Recenti innovazioni normative hanno condotto al superamento dell’art. 37-bis del D.P.R. n. 600/1973, legato al più datato ma analogo concetto di elusione fiscale. Nel permanere delle garanzie concesse sia in sede interlocutoria (interpello specifico), sia nell’accertamento, le maggiori novità sembrano costituite dall’estensione delle ipotesi di abuso a tutti i settori impositivi e a tutti i comportamenti possibili, e nella riconduzione di questo tipo di contestazioni a un ambito residuale, con onere di dimostrazione del carattere abusivo a carico dell’ufficio e con l’impossibilità di rilevare l’abuso d’ufficio da parte di organi giurisdizionali.
Il peggior effetto della dottrina dell’abuso del diritto quale scaturiva dalle sentenze della Corte di Cassazione in epoca anteriore alle innovazioni del D.Lgs. n. 128/2015 era costituito dalla totale assenza di garanzie speciali in sede di accertamento.

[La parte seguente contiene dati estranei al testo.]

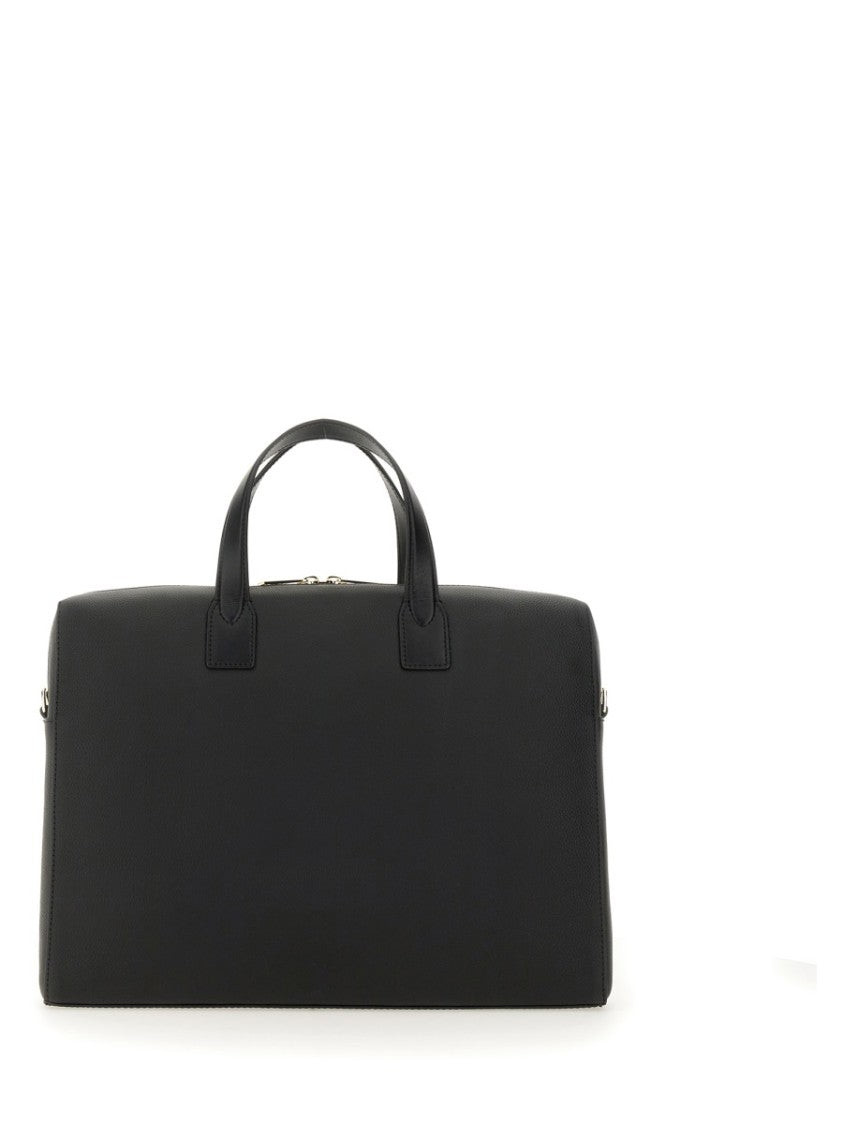 Paul Smith Rectangular Leather Briefcase With Multicolored Stripe Detail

Quelle garanzie che il legislatore aveva inteso inserire nell’art. 37-bis in considerazione del forte rischio di “svarioni” interpretativi, trattandosi di definitiva di contestazioni del fisco non supportate da alcuna norma (sul filo del principio di legalità).
La “vecchia” elusione
L’art. 37-bis del D.P.R. 29.9.1973, n. 600, abrogato dal richiamato D.Lgs. n. 128/2015, si poneva come norma antielusiva a vocazione generale ma di fatto confinata al settore delle imposte sui redditi e alla valutazione di determinate tipologie di operazioni tassativamente individuate.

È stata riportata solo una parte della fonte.